**DATA SEGMENT**
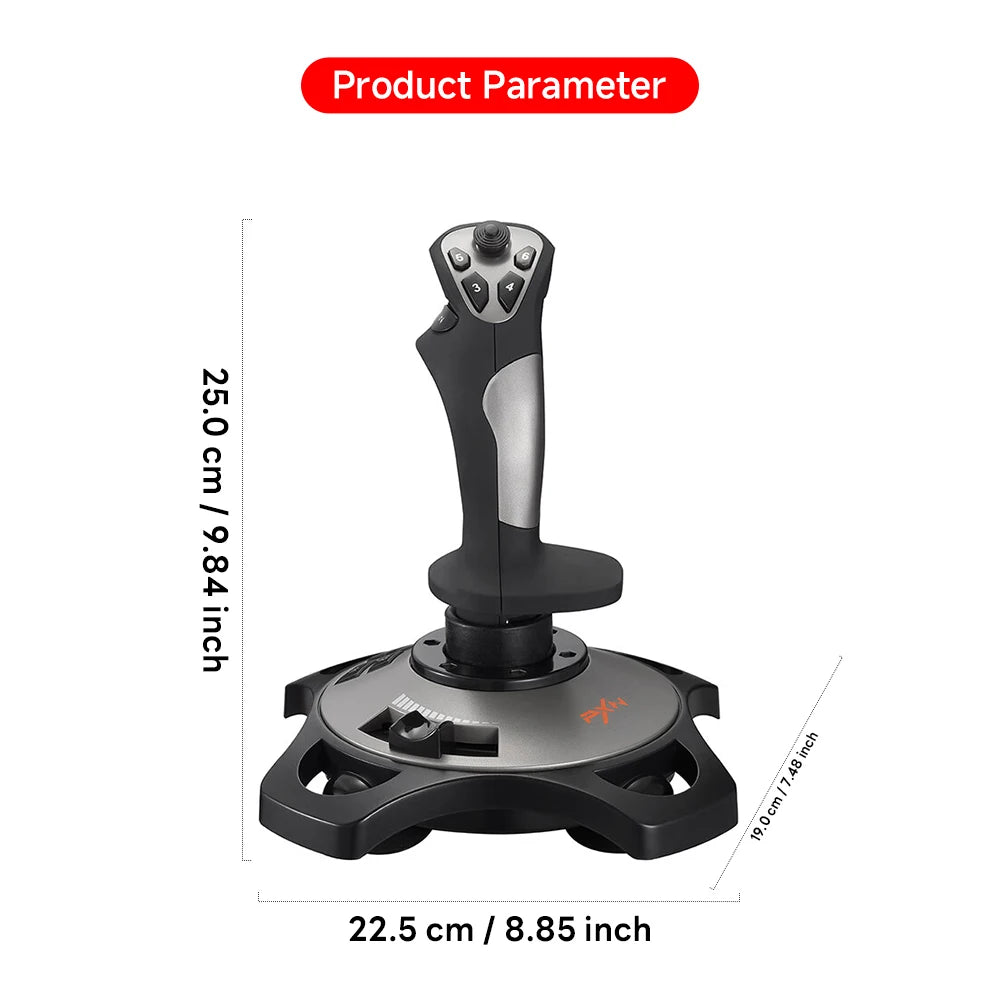 PXN Flight Simulator Joystick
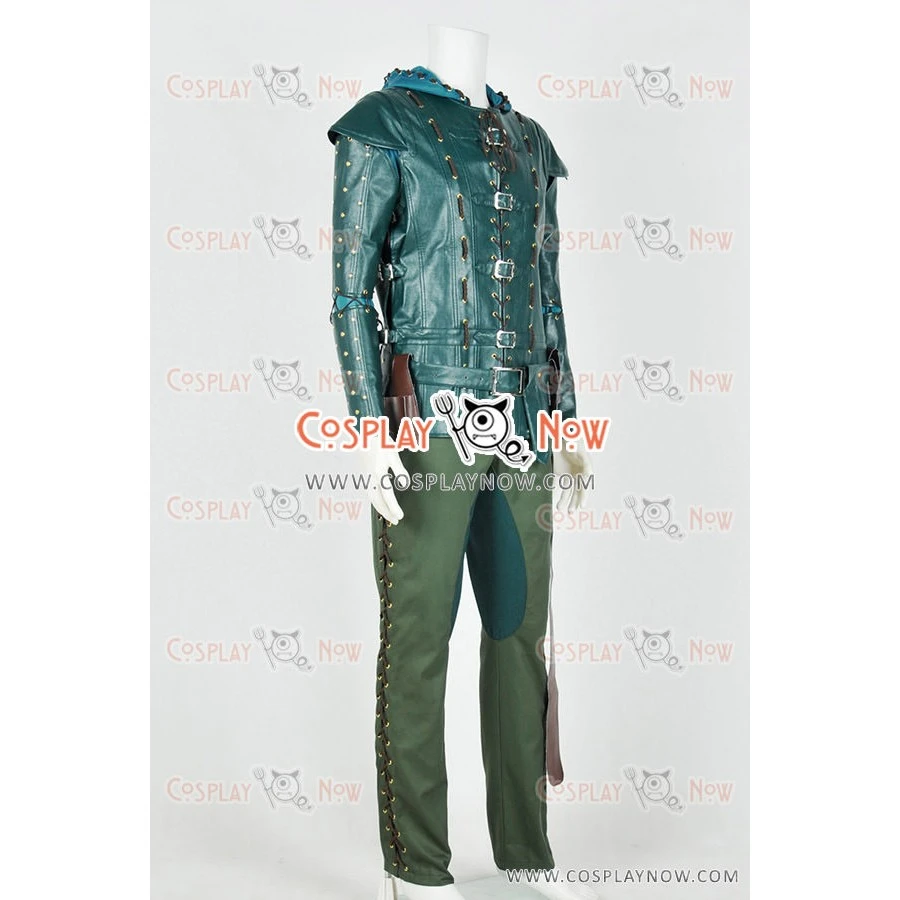 Doctor Who 8 Cosplay Robin Hood Costume 4 Doctor Who 8 Cosplay Robin Hood Costume - Image 2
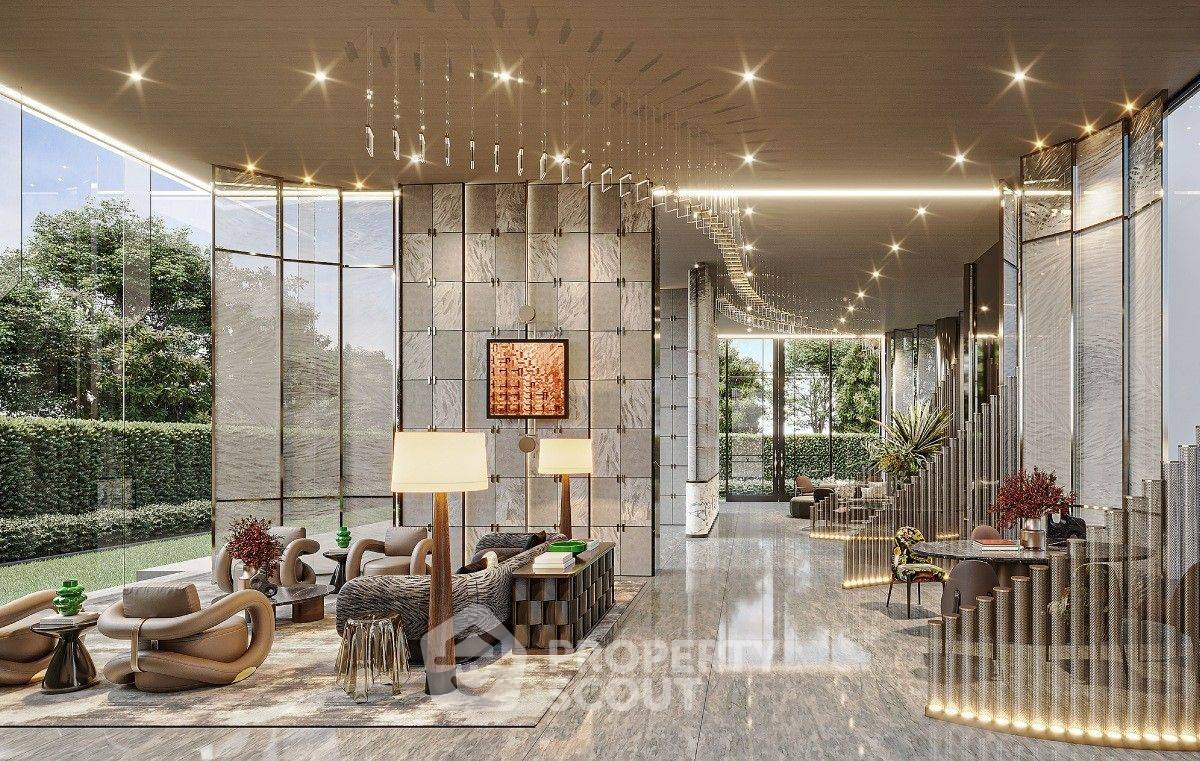 รูป คอนโด 1-ห้องนอน ที่ ริธึ่ม เจริญนคร ไอคอนิค ใกล้ BTS กรุงธนบุรี (ID 2235488) - รูปที่ 4/5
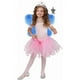 thumbnail image 3 of Niñas Ángel con Cosplay Niños Tirantes transparentes Fiesta Halloween para vestido Esparkling Hombro Disfraz Elástico Educación, 3 of 4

**ACTIVITY**
The listing above needs to be output again exactly. Don't include the pictures.

**EXERCISE OUTPUT**
 PXN Flight Simulator Joystick
 Doctor Who 8 Cosplay Robin Hood Costume 4 Doctor Who 8 Cosplay Robin Hood Costume - Image 2
 รูป คอนโด 1-ห้องนอน ที่ ริธึ่ม เจริญนคร ไอคอนิค ใกล้ BTS กรุงธนบุรี (ID 2235488) - รูปที่ 4/5
 thumbnail image 3 of Niñas Ángel con Cosplay Niños Tirantes transparentes Fiesta Halloween para vestido Esparkling Hombro Disfraz Elástico Educación, 3 of 4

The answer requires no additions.